Closed gstewart86 closed 2 years ago

gstewart86 commented 2 years ago

Today we ran into a situation where we had an old Layer3 subscription that had been manually terminated on CREATE for some reason, likely due to bad data. This had the effect of disabling all actions on the parent subscription (Prefix List). As a workaround, we manually set the terminated Layer3 to in-sync to allow parent subscription actions.

So, a few questions:

hanstrompert commented 2 years ago

The philosophy is that when the orchestrator is in sync with all OSS/BSS then all workflows will succeed. If a workflow fails for whatever reason it will leave the subscription out of sync to prevent other workflows from being started because it is likely that they will fail as well. And because it is not known what OSS/BSS was (partially) updated or not we want to prevent other changes to OSS/BSS that could potentially create bigger problems. All failed workflows should be checked and if necessary the CoreDB and OSS/BSS should be corrected manually.

You could cleanup things automatically when you are absolutely sure that the orchestrator and all OSS/BSS are in sync. But you could also ask yourself why people abort workflows and review the procedures that people follow and minimise the reasons for people to abort workflows.
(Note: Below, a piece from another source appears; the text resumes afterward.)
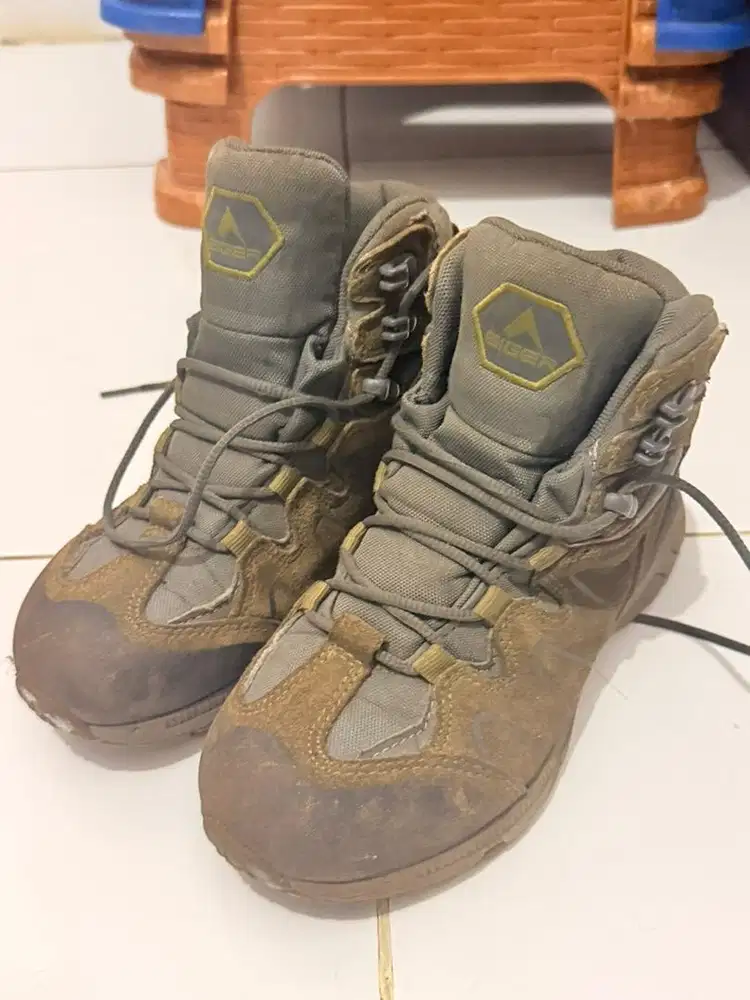 Sepatu Hiking Eager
acidjunk commented 2 years ago

I'm not sure about the phrase: "workflows which were aborted during the CREATE process" and stale workflows is that a workflow that failed to start: e.g. has the state RUNNING but doesn't do anything because the threadpool wasn't running or some other error that caused a Workflow to not actually start?

I think the answer by Hans describes the general process philosophy, but occasionally you could run into problems that are caused by stale workflows: when the threadpool is killed with a -9 for example, whilst executing WF's. (that's why the GUI has a Pause Engine feature)
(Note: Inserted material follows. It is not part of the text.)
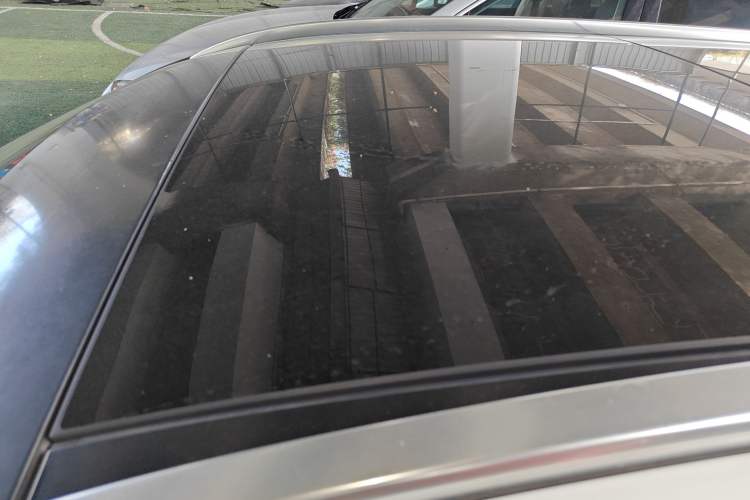 Used Mercedes-Benz C-Class 2015 C 200 station wagon Roof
These can often be resolved by aborting + delete: of course this depends on which step it was executing. I think the solution you used (forcing a subscription to in-sync) is ok; for that kind of scenario. We discussed having a button for that in the GUI but it was deemed too dangerous: as users would probably click on it without looking at the process state first.

gstewart86 commented 2 years ago

I think I muddied the waters by providing too much context around the circumstances in which the parent subscription was terminated.

Given a subscription tree:

node
│
└► service edge
       │
       └► layer 3
            │
            └► prefix list

I was surprised that the status of a child subscription (prefix list) was able to affect the status of a parent subscription (layer 3). It seemed to me that a child subscription would certainly be affected by the status of the parent, but not the other way around.

In any case, we haven't seen this in production since, so I'll go ahead and resolve the issue unless we see it again.

Thanks for weighing in with all the info, regardless!